>>
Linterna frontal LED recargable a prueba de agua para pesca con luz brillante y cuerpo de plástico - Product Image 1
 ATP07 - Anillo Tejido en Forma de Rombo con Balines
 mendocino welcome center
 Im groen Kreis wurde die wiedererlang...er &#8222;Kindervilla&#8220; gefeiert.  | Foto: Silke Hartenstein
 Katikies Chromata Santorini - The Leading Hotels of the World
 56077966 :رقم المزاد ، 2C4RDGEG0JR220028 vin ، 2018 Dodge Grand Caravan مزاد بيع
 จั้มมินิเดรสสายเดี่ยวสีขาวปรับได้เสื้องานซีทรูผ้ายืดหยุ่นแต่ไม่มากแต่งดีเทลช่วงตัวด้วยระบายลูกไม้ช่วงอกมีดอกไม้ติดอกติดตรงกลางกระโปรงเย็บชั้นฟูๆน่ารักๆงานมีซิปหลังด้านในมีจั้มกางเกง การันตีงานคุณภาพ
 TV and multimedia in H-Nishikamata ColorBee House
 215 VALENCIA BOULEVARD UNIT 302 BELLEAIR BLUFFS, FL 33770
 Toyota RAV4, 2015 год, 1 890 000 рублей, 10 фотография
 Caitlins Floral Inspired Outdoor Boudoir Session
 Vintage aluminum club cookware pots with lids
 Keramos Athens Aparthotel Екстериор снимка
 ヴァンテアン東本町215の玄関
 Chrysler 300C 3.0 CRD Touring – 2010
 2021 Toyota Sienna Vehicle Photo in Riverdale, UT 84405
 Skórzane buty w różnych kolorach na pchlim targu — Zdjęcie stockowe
<<
What is required
Write out every line, unchanged, from the one containing "ヴァンテアン東本町215の玄関" through the closing line of the data.

Response below
 ヴァンテアン東本町215の玄関
 Chrysler 300C 3.0 CRD Touring – 2010
 2021 Toyota Sienna Vehicle Photo in Riverdale, UT 84405
 Skórzane buty w różnych kolorach na pchlim targu — Zdjęcie stockowe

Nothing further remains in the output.